• _WORK ITEM_
All of the records shown below need to be copied with no differences.
————————
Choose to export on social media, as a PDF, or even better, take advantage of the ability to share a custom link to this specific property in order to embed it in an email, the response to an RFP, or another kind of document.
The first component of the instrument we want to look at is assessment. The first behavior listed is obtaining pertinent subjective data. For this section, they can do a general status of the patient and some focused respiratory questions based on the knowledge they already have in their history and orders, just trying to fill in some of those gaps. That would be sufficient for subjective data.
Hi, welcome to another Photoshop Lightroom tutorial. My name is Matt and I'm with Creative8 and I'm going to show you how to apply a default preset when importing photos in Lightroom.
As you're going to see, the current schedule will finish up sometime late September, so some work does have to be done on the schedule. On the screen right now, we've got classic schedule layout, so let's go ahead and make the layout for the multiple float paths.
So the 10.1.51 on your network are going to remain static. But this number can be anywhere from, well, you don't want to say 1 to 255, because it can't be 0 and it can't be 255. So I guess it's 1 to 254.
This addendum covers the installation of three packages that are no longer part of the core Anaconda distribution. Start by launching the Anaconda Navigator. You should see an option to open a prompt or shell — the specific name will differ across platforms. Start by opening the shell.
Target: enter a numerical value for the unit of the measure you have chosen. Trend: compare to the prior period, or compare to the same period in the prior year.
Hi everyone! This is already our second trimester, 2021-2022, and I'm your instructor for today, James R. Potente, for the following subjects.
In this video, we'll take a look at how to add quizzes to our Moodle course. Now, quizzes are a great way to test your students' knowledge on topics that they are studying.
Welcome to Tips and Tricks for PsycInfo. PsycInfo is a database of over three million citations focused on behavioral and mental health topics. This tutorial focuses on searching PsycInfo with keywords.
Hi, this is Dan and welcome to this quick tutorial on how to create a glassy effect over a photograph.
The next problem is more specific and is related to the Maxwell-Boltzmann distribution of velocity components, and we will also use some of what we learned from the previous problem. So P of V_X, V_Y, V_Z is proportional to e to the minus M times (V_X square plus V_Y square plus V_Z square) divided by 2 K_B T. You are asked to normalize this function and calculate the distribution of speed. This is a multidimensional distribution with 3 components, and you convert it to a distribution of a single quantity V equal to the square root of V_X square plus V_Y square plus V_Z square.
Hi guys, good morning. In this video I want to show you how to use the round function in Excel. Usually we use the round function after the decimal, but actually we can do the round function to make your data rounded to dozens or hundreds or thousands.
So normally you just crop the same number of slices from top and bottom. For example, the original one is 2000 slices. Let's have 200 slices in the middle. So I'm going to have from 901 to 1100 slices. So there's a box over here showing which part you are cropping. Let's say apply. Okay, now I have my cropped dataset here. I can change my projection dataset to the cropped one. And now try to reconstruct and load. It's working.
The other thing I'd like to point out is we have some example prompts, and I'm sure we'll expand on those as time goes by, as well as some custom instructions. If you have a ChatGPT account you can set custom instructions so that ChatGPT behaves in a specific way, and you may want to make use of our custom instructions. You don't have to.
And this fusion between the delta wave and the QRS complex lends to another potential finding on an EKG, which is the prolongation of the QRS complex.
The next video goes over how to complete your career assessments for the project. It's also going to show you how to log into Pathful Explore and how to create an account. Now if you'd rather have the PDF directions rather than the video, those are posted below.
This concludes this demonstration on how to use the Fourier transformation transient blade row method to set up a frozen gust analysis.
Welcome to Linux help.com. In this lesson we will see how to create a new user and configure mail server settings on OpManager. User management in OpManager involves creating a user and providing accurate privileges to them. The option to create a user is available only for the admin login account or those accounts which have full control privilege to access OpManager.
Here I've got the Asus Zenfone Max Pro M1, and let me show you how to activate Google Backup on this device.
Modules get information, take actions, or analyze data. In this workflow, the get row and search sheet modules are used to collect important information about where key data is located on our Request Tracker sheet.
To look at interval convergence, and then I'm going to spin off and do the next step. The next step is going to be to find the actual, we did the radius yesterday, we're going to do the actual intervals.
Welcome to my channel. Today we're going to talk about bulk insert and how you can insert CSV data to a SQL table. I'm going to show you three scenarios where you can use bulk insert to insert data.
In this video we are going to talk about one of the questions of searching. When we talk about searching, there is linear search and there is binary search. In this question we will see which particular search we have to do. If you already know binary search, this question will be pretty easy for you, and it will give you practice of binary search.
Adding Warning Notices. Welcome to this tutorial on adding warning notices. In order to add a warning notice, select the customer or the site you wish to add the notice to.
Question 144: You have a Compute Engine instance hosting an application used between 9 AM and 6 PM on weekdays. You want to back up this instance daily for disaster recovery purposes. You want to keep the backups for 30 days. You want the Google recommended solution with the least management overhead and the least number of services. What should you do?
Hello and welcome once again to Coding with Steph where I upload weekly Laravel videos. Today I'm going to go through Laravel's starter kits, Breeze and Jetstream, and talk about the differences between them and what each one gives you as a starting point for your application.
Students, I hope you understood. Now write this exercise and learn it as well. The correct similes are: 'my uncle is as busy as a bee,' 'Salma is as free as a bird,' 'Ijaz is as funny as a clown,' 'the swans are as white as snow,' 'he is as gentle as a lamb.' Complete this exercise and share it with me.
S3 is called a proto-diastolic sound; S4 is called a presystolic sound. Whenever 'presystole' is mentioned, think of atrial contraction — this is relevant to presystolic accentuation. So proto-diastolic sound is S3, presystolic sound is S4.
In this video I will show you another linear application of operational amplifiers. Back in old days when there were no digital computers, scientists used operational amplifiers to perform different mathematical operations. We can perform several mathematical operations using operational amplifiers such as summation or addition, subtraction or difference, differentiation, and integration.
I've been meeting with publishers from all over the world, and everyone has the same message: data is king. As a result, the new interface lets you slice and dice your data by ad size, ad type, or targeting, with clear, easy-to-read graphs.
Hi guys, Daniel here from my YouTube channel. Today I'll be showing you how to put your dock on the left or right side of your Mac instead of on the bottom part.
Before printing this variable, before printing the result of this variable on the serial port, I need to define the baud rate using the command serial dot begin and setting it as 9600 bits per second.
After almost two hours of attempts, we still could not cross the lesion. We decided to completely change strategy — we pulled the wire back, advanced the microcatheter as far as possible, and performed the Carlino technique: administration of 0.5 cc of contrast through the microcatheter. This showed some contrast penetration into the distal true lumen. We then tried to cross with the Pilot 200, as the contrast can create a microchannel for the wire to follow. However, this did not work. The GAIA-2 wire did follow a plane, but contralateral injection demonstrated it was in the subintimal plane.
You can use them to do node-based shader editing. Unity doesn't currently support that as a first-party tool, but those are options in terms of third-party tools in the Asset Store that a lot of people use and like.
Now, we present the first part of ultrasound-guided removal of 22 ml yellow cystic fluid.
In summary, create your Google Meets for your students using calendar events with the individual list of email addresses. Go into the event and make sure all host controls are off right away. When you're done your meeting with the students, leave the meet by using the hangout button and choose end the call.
————————
• _OUTPUT BELOW_
Choose to export on social media, as a PDF, or even better, take advantage of the ability to share a custom link to this specific property in order to embed it in an email, the response to an RFP, or another kind of document.
The first component of the instrument we want to look at is assessment. The first behavior listed is obtaining pertinent subjective data. For this section, they can do a general status of the patient and some focused respiratory questions based on the knowledge they already have in their history and orders, just trying to fill in some of those gaps. That would be sufficient for subjective data.
Hi, welcome to another Photoshop Lightroom tutorial. My name is Matt and I'm with Creative8 and I'm going to show you how to apply a default preset when importing photos in Lightroom.
As you're going to see, the current schedule will finish up sometime late September, so some work does have to be done on the schedule. On the screen right now, we've got classic schedule layout, so let's go ahead and make the layout for the multiple float paths.
So the 10.1.51 on your network are going to remain static. But this number can be anywhere from, well, you don't want to say 1 to 255, because it can't be 0 and it can't be 255. So I guess it's 1 to 254.
This addendum covers the installation of three packages that are no longer part of the core Anaconda distribution. Start by launching the Anaconda Navigator. You should see an option to open a prompt or shell — the specific name will differ across platforms. Start by opening the shell.
Target: enter a numerical value for the unit of the measure you have chosen. Trend: compare to the prior period, or compare to the same period in the prior year.
Hi everyone! This is already our second trimester, 2021-2022, and I'm your instructor for today, James R. Potente, for the following subjects.
In this video, we'll take a look at how to add quizzes to our Moodle course. Now, quizzes are a great way to test your students' knowledge on topics that they are studying.
Welcome to Tips and Tricks for PsycInfo. PsycInfo is a database of over three million citations focused on behavioral and mental health topics. This tutorial focuses on searching PsycInfo with keywords.
Hi, this is Dan and welcome to this quick tutorial on how to create a glassy effect over a photograph.
The next problem is more specific and is related to the Maxwell-Boltzmann distribution of velocity components, and we will also use some of what we learned from the previous problem. So P of V_X, V_Y, V_Z is proportional to e to the minus M times (V_X square plus V_Y square plus V_Z square) divided by 2 K_B T. You are asked to normalize this function and calculate the distribution of speed. This is a multidimensional distribution with 3 components, and you convert it to a distribution of a single quantity V equal to the square root of V_X square plus V_Y square plus V_Z square.
Hi guys, good morning. In this video I want to show you how to use the round function in Excel. Usually we use the round function after the decimal, but actually we can do the round function to make your data rounded to dozens or hundreds or thousands.
So normally you just crop the same number of slices from top and bottom. For example, the original one is 2000 slices. Let's have 200 slices in the middle. So I'm going to have from 901 to 1100 slices. So there's a box over here showing which part you are cropping. Let's say apply. Okay, now I have my cropped dataset here. I can change my projection dataset to the cropped one. And now try to reconstruct and load. It's working.
The other thing I'd like to point out is we have some example prompts, and I'm sure we'll expand on those as time goes by, as well as some custom instructions. If you have a ChatGPT account you can set custom instructions so that ChatGPT behaves in a specific way, and you may want to make use of our custom instructions. You don't have to.
And this fusion between the delta wave and the QRS complex lends to another potential finding on an EKG, which is the prolongation of the QRS complex.
The next video goes over how to complete your career assessments for the project. It's also going to show you how to log into Pathful Explore and how to create an account. Now if you'd rather have the PDF directions rather than the video, those are posted below.
This concludes this demonstration on how to use the Fourier transformation transient blade row method to set up a frozen gust analysis.
Welcome to Linux help.com. In this lesson we will see how to create a new user and configure mail server settings on OpManager. User management in OpManager involves creating a user and providing accurate privileges to them. The option to create a user is available only for the admin login account or those accounts which have full control privilege to access OpManager.
Here I've got the Asus Zenfone Max Pro M1, and let me show you how to activate Google Backup on this device.
Modules get information, take actions, or analyze data. In this workflow, the get row and search sheet modules are used to collect important information about where key data is located on our Request Tracker sheet.
To look at interval convergence, and then I'm going to spin off and do the next step. The next step is going to be to find the actual, we did the radius yesterday, we're going to do the actual intervals.
Welcome to my channel. Today we're going to talk about bulk insert and how you can insert CSV data to a SQL table. I'm going to show you three scenarios where you can use bulk insert to insert data.
In this video we are going to talk about one of the questions of searching. When we talk about searching, there is linear search and there is binary search. In this question we will see which particular search we have to do. If you already know binary search, this question will be pretty easy for you, and it will give you practice of binary search.
Adding Warning Notices. Welcome to this tutorial on adding warning notices. In order to add a warning notice, select the customer or the site you wish to add the notice to.
Question 144: You have a Compute Engine instance hosting an application used between 9 AM and 6 PM on weekdays. You want to back up this instance daily for disaster recovery purposes. You want to keep the backups for 30 days. You want the Google recommended solution with the least management overhead and the least number of services. What should you do?
Hello and welcome once again to Coding with Steph where I upload weekly Laravel videos. Today I'm going to go through Laravel's starter kits, Breeze and Jetstream, and talk about the differences between them and what each one gives you as a starting point for your application.
Students, I hope you understood. Now write this exercise and learn it as well. The correct similes are: 'my uncle is as busy as a bee,' 'Salma is as free as a bird,' 'Ijaz is as funny as a clown,' 'the swans are as white as snow,' 'he is as gentle as a lamb.' Complete this exercise and share it with me.
S3 is called a proto-diastolic sound; S4 is called a presystolic sound. Whenever 'presystole' is mentioned, think of atrial contraction — this is relevant to presystolic accentuation. So proto-diastolic sound is S3, presystolic sound is S4.
In this video I will show you another linear application of operational amplifiers. Back in old days when there were no digital computers, scientists used operational amplifiers to perform different mathematical operations. We can perform several mathematical operations using operational amplifiers such as summation or addition, subtraction or difference, differentiation, and integration.
I've been meeting with publishers from all over the world, and everyone has the same message: data is king. As a result, the new interface lets you slice and dice your data by ad size, ad type, or targeting, with clear, easy-to-read graphs.
Hi guys, Daniel here from my YouTube channel. Today I'll be showing you how to put your dock on the left or right side of your Mac instead of on the bottom part.
Before printing this variable, before printing the result of this variable on the serial port, I need to define the baud rate using the command serial dot begin and setting it as 9600 bits per second.
After almost two hours of attempts, we still could not cross the lesion. We decided to completely change strategy — we pulled the wire back, advanced the microcatheter as far as possible, and performed the Carlino technique: administration of 0.5 cc of contrast through the microcatheter. This showed some contrast penetration into the distal true lumen. We then tried to cross with the Pilot 200, as the contrast can create a microchannel for the wire to follow. However, this did not work. The GAIA-2 wire did follow a plane, but contralateral injection demonstrated it was in the subintimal plane.
You can use them to do node-based shader editing. Unity doesn't currently support that as a first-party tool, but those are options in terms of third-party tools in the Asset Store that a lot of people use and like.
Now, we present the first part of ultrasound-guided removal of 22 ml yellow cystic fluid.
In summary, create your Google Meets for your students using calendar events with the individual list of email addresses. Go into the event and make sure all host controls are off right away. When you're done your meeting with the students, leave the meet by using the hangout button and choose end the call.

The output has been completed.